▸ **Required work**: All that should come back is the lines of the data below from the one containing "180CV HSE Auto" to the one containing "Alxandra online show", inclusive, exactly as they stand.

▸ **Material provided**:
════════════════

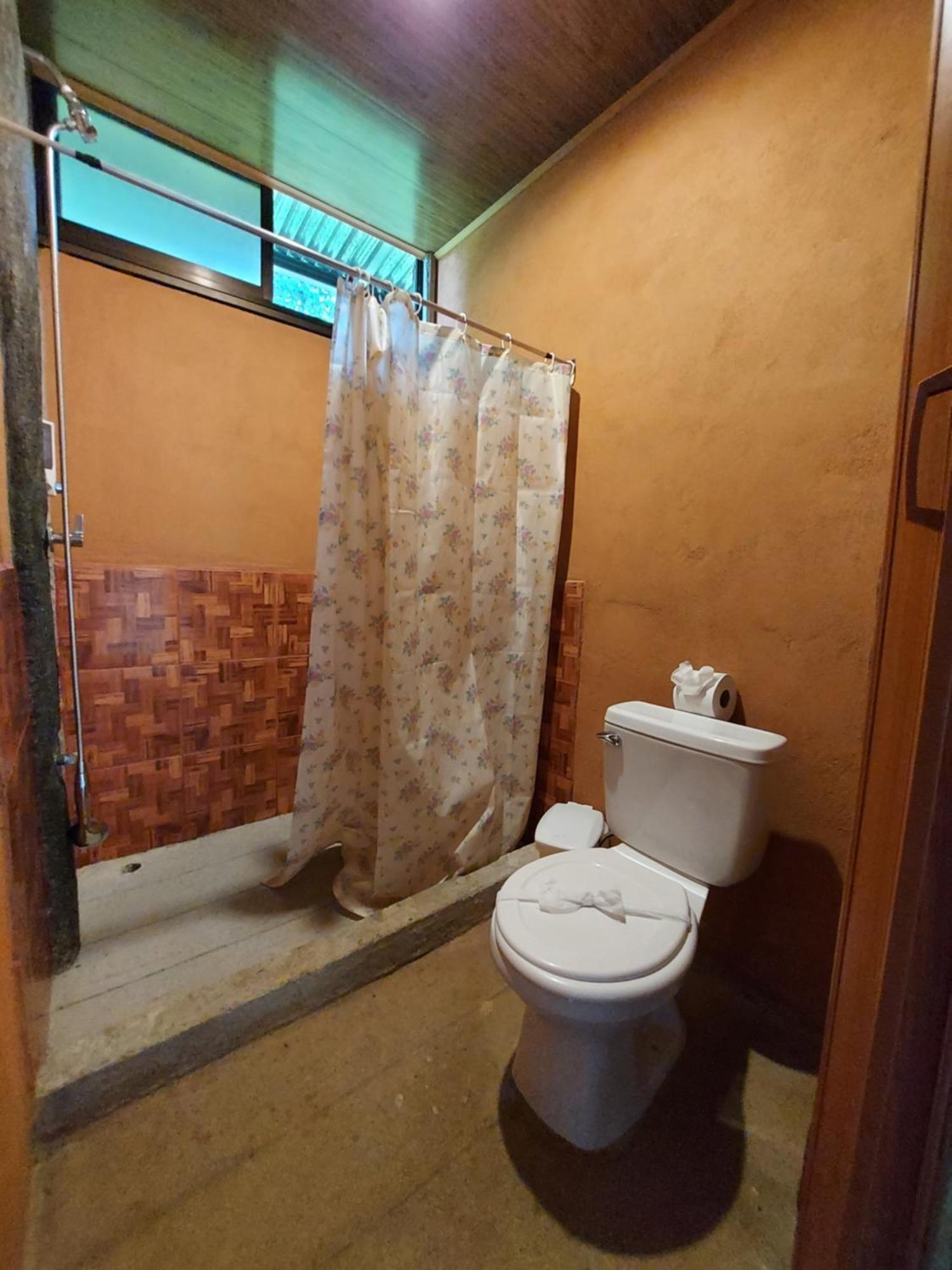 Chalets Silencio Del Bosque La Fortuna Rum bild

════════════════

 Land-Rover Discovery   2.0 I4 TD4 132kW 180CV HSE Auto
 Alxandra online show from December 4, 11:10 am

════════════════

▸ **Answer space**:
 Land-Rover Discovery   2.0 I4 TD4 132kW 180CV HSE Auto
 Alxandra online show from December 4, 11:10 am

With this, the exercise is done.